Advertisement

‘Market to the World’ : Imports Finally Making Major Inroads in Japan

Share
Times Staff Writers

Flexing its productive muscle after World War II, Japan became a “factory to the world.” With the capital reserves it accumulated as it built up enormous trade surpluses, it became a “banker to the world.”

And now--in the most surprising development of all--Japan is taking the first steps toward yet another transformation into a “market to the world.” From previously unaffordable Mercedes automobiles to typically made-in-Japan items such as cameras and calculators, imports are finally making major inroads here.

Exports, which have fueled Japanese economic growth for years, are still growing. But, reversing a pattern that took hold in 1970, imports are growing even faster, and Japan’s monumental trade surplus is finally shrinking.

Advertisement

Yet economic output has surged here anyway, because domestic consumption has erupted into the biggest economic boom since before the 1973-74 oil shock. The Japanese, their economy spurred by a combination of government policies and the release of pent-up consumer demand, have been buying everything in sight.

“The economic development of Japan has assumed a form which, a year ago, no one even dreamed of,” says Rokuro Ishikawa, chairman of the Japan Chamber of Commerce and president of Kajima Construction Co. “While reducing its black ink in international payments, the economy, supported by strong domestic demand, is enjoying a high rate of growth.”

The turnaround, if continued, matters to more than Japan. It holds out the promise of smoothing the world’s adjustment to what is widely regarded as today’s greatest threat to global economic growth--the declining U.S. trade deficit.

Japan, by opening its markets to foreign products and selling more of its own goods at home, could provide a model of how other countries can help sustain the world’s economic health even as the United States retreats from its role as the world’s consumer of first resort.

Such steps also would reduce Japan’s gigantic trade surplus with the United States, for many years an irritant in relations between the two economic superpowers. That in turn could relieve the pressure in the United States for protectionist actions that could trigger a debilitating trade war.

Local Industries Upset

For Japan, however, the new path will not be a smooth one.

Already, some local industries are howling about relatively modest penetration of competing goods from other Asian countries. Many analysts here are worried that the move of Japanese manufacturers to establish production operations overseas--as U.S. and European multinationals have been doing for decades--will lead to a “hollowing-out” of Japanese industry.

Advertisement

The Japanese government itself is divided between advocates of a more internationalist orientation and defenders of myriad domestic interest groups. Even Prime Minister Noboru Takeshita acknowledges that a new government commitment to easing the global adjustment process by moving away from the traditional pattern of export-led growth has not taken firm hold.

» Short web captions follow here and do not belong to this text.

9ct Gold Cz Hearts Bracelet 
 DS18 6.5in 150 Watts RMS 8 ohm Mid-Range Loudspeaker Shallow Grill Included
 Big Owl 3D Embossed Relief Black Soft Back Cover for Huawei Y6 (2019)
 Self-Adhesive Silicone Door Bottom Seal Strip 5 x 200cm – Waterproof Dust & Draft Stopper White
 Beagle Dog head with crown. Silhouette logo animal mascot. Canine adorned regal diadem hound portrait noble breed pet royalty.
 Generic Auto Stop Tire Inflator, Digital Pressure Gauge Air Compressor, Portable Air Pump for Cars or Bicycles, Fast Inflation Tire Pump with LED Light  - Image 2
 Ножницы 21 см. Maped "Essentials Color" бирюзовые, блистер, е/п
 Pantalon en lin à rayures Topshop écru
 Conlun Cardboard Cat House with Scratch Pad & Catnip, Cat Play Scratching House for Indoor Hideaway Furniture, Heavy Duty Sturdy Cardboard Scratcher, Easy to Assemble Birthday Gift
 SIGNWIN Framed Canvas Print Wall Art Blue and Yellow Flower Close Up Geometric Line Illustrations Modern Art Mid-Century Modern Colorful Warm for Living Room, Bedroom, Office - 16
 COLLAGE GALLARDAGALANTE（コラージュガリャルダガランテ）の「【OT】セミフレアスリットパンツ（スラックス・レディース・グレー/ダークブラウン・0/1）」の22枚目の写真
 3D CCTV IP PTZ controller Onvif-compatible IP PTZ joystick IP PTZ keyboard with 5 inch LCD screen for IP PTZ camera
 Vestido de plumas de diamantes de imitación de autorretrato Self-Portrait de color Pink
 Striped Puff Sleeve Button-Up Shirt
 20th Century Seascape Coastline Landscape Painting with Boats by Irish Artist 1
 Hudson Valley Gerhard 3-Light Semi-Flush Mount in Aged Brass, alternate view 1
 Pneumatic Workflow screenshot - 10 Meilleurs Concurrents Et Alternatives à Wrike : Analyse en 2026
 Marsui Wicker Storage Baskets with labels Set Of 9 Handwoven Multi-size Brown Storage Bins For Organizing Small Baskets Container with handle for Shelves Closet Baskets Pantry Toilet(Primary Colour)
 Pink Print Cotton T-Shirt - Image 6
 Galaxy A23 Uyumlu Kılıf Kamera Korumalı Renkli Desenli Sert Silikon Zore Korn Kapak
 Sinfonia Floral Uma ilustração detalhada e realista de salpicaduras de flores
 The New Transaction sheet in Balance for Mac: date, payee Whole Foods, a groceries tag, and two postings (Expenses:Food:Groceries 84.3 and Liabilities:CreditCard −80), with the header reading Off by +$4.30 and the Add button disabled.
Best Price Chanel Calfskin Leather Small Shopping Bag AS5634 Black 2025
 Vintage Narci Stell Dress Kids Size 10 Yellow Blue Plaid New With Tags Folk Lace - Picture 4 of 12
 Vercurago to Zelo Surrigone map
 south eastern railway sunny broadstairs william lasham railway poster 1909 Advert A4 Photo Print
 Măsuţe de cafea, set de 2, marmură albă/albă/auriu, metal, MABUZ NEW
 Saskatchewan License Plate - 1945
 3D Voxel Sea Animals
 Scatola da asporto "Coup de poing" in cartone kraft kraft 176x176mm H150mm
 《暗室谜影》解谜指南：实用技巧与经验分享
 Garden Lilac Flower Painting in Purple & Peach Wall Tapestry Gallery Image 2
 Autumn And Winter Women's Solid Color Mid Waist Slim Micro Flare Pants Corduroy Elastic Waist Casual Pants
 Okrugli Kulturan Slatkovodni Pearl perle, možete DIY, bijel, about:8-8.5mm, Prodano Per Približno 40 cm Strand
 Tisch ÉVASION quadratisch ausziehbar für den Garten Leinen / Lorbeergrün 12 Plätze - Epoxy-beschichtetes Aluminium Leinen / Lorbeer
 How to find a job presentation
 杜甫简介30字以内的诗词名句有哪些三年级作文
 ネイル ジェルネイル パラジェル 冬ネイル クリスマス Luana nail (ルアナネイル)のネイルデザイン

“Japan faces wrenching economic and social decisions in the next few years--decisions that will determine its economic direction for years to come,” argues Peter Drucker, a management expert at Claremont Graduate School near Los Angeles. “The choices Japan makes will determine how the world’s youngest economic great power integrates itself into the world economy. But Japan’s decisions will also profoundly affect the international economy itself.”

Manufactured Imports Spurt

Despite its long-deserved reputation as a protectionist nation, Japan’s imports of manufactured products more than doubled in just two years from 1985 to 1987. Nearly half of all imports are now manufactured goods, twice the proportion of 1982.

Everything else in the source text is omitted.